Gazi Mustafa Kemal Atatürk’ün 23-31 Ağustos 1925’te gerçekleştirdiği 9 günlük Kastamonu ziyaretinin sosyolojik ve tarihsel değerini “Kıyafet” yahut “Şapka” devriminin çok ötesinde “Zihniyet” devrimi olarak görmeliyiz…
Atatürk’ün İnebolu ve Kastamonu nutukları başta olmak üzere ilimizde kaydettiği konuşmaların bütünü, Türkiye Cumhuriyeti’nin ana karakteridir aslında.
“Kıyafet, şapka” görüntüdür, asıl mesele toplumsal hayatı akla, bilime, sürekli gelişmeye tabi kılmaktır…
Gazi Mustafa Kemal Atatürk’ün Kastamonu ziyareti boyunca tüm gayreti Türkiye Cumhuriyeti’ni “medeniyet” yoluna sevk etmekti.
Elbet kılık ve kıyafetiyle…
Ama çok daha önce ve ötesinde topyekun ekonomik ve sosyal kalkınmasıyla ilelebet payidar kalacak bir mutluluk, paylaşım, hoşgörü ülkesinin temellerini atmaktı amacı.
Mareşaldi elbette…
Kastamonu’da ise aynı zamanda ekonomist, sosyolog, filozof, psikolog, sivil toplum önderiydi.
Gazi Mustafa Kemal Atatürk’ün İnebolu ve Kastamonu nutukları yanı sıra 9 gün boyunca kaydettiği konuşmaları Kastamonulular başta olmak üzere ülkemizdeki tüm vatandaşların satır satır okumaları ve hafızalarına kaydetmeleri elzem…
Başucu kitabı olmalı.
Her gün bir sayfa…
Ömür boyu.
Medeni bir toplum yapısına giden yol…
“Demokratik Cumhuriyet.”
Üzerimize düşen görev ve sorumluluktur…
Gazi Mustafa Kemal Atatürk’ün Kastamonu ziyaretini tüm içeriği ve gerçek anlamı ile ülkemize duyurmak, anlatmak, akıllara kazımak.

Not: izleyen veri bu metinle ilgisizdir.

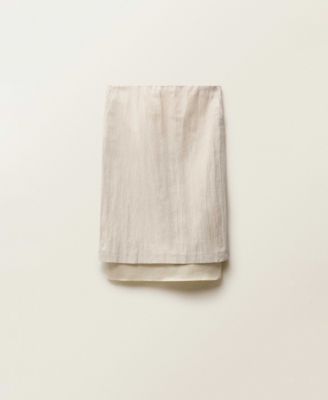 Women's Combined Linen Blend Midi Skirts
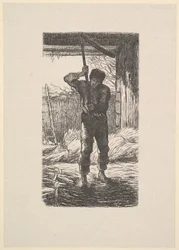 Człowiek młócący pszenicę, 1853.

Atatürk’ün Kastamonu nutuklarını okusaydık, anlasaydık, karakterimiz haline getirebilseydik ülkemizi nice beladan korumuş kollamış olurduk…
Varsıl, huzurlu, ümitli toplumsal yaşamın anahtarı o satırlarda.
Bugün milat olsun…
Gazi Mustafa Kemal Atatürk’ün Kastamonu ziyaretini ülkemize hakkıyla anlatmaya başlamanın.

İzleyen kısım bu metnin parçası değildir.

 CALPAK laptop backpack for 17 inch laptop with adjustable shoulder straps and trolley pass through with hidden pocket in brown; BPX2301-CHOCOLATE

Zihniyet Bayramımız kutlu olsun…
Atatürk’ü anlamak nasibimiz olsun.
Hakkıyla kutlayalım 23-31 Ağustos’u
Hemşerilerimizden mesajlar geliyor “Atatürk’ün Kastamonu’ya Gelişleri, Kıyafet Devrimi” yıl dönümü kutlama törenleriyle ilgili…

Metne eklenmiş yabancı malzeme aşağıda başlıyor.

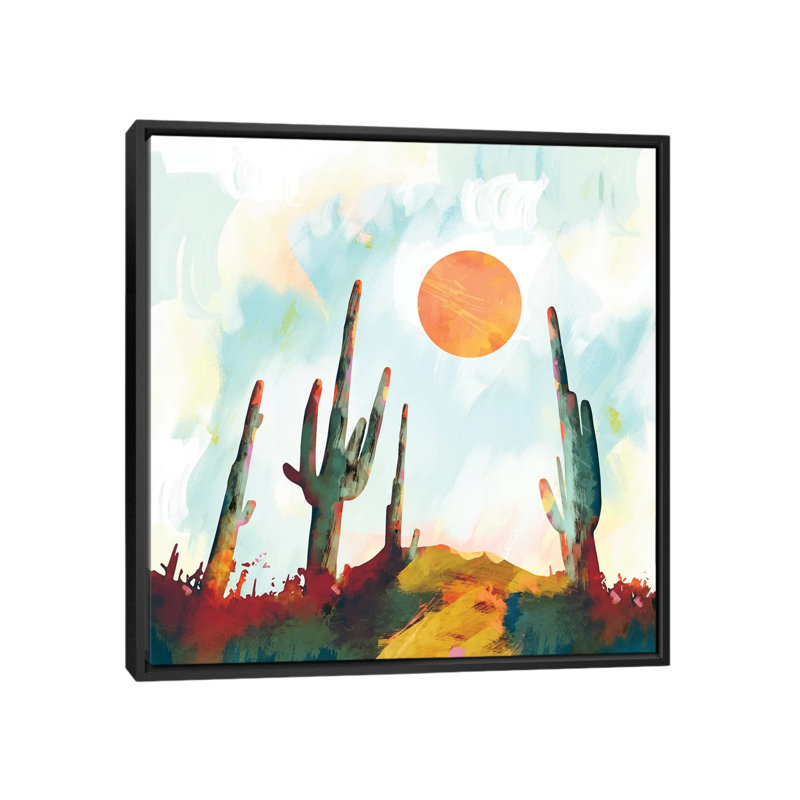 «Desert Day», reproduction d'impression, H 37 po x l 37 po x P 1,5 po, Toile avec cadre noir, Pas de tapis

Geçmişteki görkemli anma programlarını anlat anlat bitiremiyor o günleri yaşayanlar.
Misal…
“İlk kutlama 1965 yılında oldu. Esnaf konvoyu, motosiklet ekibi gibi halkın da içinde bulunduğu ve tribünlerin tamamen dolduğu çok içten bir kutlama olmuştu. İl Halk Eğitim Müdürlüğü arşivinde saklanan 8 mm’lik bir film çekilmişti. Sonraki yıllarda ilk ve ortaokulda bizlere izlettirmişlerdi.”
Hemşerimiz, sözünü ettiği filmi yakın vakitte sormuş soruşturmuş izini bulamamış…
Nerede bu tarihi film?
Görev mukabilinden, haftaya yayılmış ancak içi boş kutlama programları ile Atatürk’ün Kastamonu’ya Gelişleri ve Kıyafet Devrimi yıl dönümlerini anmayalım, kutlamayalım…
Kıymetine ve içeriğine yakışır program düzenleyelim.
Görev kamudan evvel halkın…
Yerel yönetim, meslek odaları, sivil toplum örgütleri, cümle vatandaşlar işbirliği içinde göreve.